(The title will mean nothing to anyone who didn't grow up on western-spoof cartoons, where some character would find himself out in the desert, where he'd pass by a sign reading "Last Chance Saloon," followed by a "Really Last Chance" one, and finally a "Honest, Really Really Last Chance" indicator.)
Having said nothing about Timeline-A in my last post, I figured I might as well take a really really last shot at that one today.
Back in this post, I argued that LOST's finale should, going by the themes its producers have tenaciously pursued, comprise a "happy medium" between the C.S. Lewis type of narrative world, where "perfect service" leads to an apocalyptic "perfect freedom," and the Sartre-style narrative in which Pure Necessity rules all, and the only thing man can control is his attitude toward that fact, be it the happiness of Sisyphus or Nietzsche's "amor fati."
Desmond, whom I've called the Holy Fool, is possibly the key out of the Locked Room of Necessity. In "What They Died For" both Widmore and Unlocke speak of Desmond's status as a "fail-safe" which is something of a double-edged sword. Prior to his rather abrupt departure from the world, Widmore had some plan to use Desmond to defeat or kill the Monster, but now the Monster, who was perfectly happy to put a bullet in Desmond's head a few stories ago, suddenly seems to think it's a good idea to use Desmond to "destroy the island." Jacob has also apparently informed the castaways of the need to destroy Smokey, though I'll be surprised if Jacob has actually given them anything approximating a plan to do so. STAR WARS is the George Lucas film most often quoted in LOST, but on the whole the producers seem much more inspired by the philosophy of Indiana Jones ("I'm makin' it up as I go along!")

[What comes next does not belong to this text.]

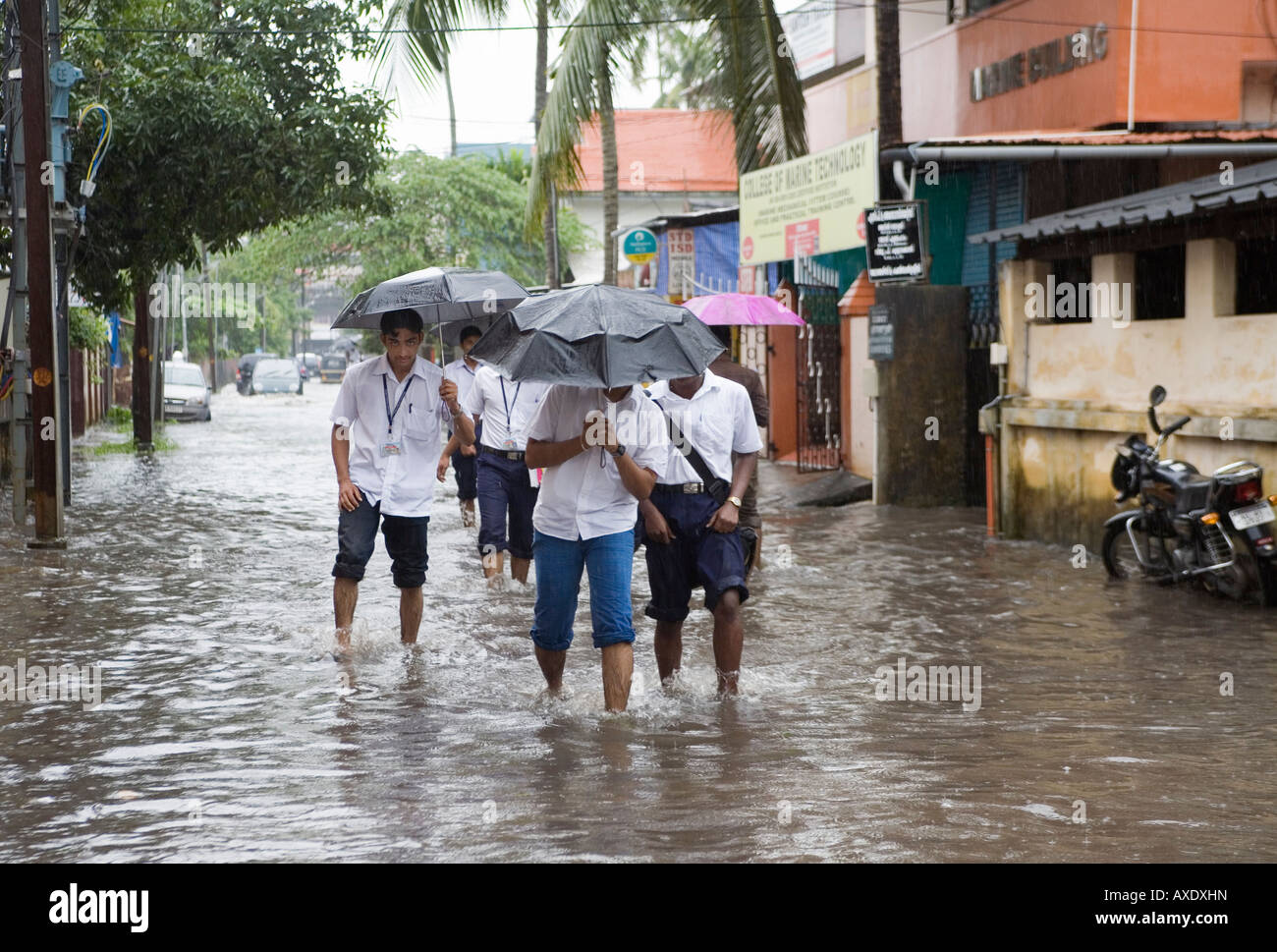 Les jeunes écoliers indiens à gué à l'école par le biais de routes inondées après effet pluie Ernakulam Kerala Inde du Sud Banque D'Images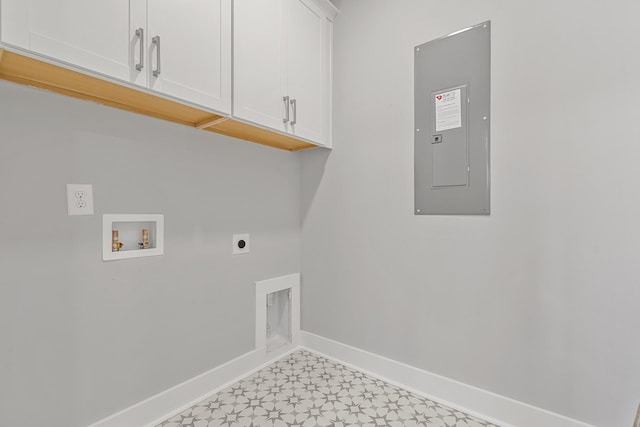 laundry room with washer hookup, cabinet space, electric dryer hookup, electric panel, and baseboards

A happy medium betweeen free will and determinism would have to acknowledge the reality of all of the empirical factors that make a deterministic worldview possible, much as Kant acknowledges the reality of the contingent. LOST has made this acknowledgement consistently-- "Dead is dead," "Whatever happened, happened"-- but the show has also consistently suggested that, though contingency can't be abolished as it is in a C.S. Lewis apocalypse, it can be suspended for a time. The stone of Sisyphus must always fall, but where Sartre's stone always falls the same way, LOST's metaphorical stone sometimes turns up new ground in the WAY it falls. Desmond can't prevent Charlie from dying somehow, but the way Charlie finally DOES die discloses to the castaways information about their world that they would not have known, had Charlie died by lightning or by drowning. Faraday's pyrrhic use of the Jughead bomb doesn't get rid of the old, undesireable world, but it does spawn a new world right alongside it. The producers have been quoted as saying that it's wrong to see "Timeline-B" as less real than "Timeline-A," which I take as a warning that we're NOT going to see a reprise of "dueling realities," such as we get from the classic STAR TREK episode, "City on the Edge of Forever." I think it's quite likely that we will see one or more grand gestures of renunciation-- Sawyer looks like a pretty likely "candidate" at this point. But the notion some fans expressed, that Jack or others might have to choose their current Sisyphean lot over a more wonderful-looking life in "Timeline B," seems incongruent with the themes that the LOSTguys have diligently explored. Some sort of merging of the two worlds looks more promising for the "end" postulated by Jacob.
"It always ends the same," says the Man in Black, and this endorsement of cyclic repetitiveness would seem to reflect much of the recursiveness of LOST, where characters continually behold evidence of being trapped in patterns no less repetitive than the punishment of Sisyphus: Hurley's numbers, Charlie's multiple deaths, Jack's Christlike wounds (I'm going to guess that the neck-wound that B-Jack is experiencing reflects something that will happen to A-Jack, but it may be only a symbolic death a la Harry Potter's big finish). Jacob takes the Christian position, saying that there will be an end beside which all of the earlier repetitions will seem like mere "progress." But what form can transcendence take, if one does not nullify the world of the contingent? Surely it will be more than just Sartre's attitude change, or Kant's "immanent metaphysics." Even the extra-diegetic thematics I mentioned before, re THE HAPPENING, may not be enough.
"We shall be changed," insists First Corinthians. So I'm expecting some change in the finale. If it won't be a Lewis-style apocalypse, it should be at least as momentous as the changes wrought by Desmond and Faraday.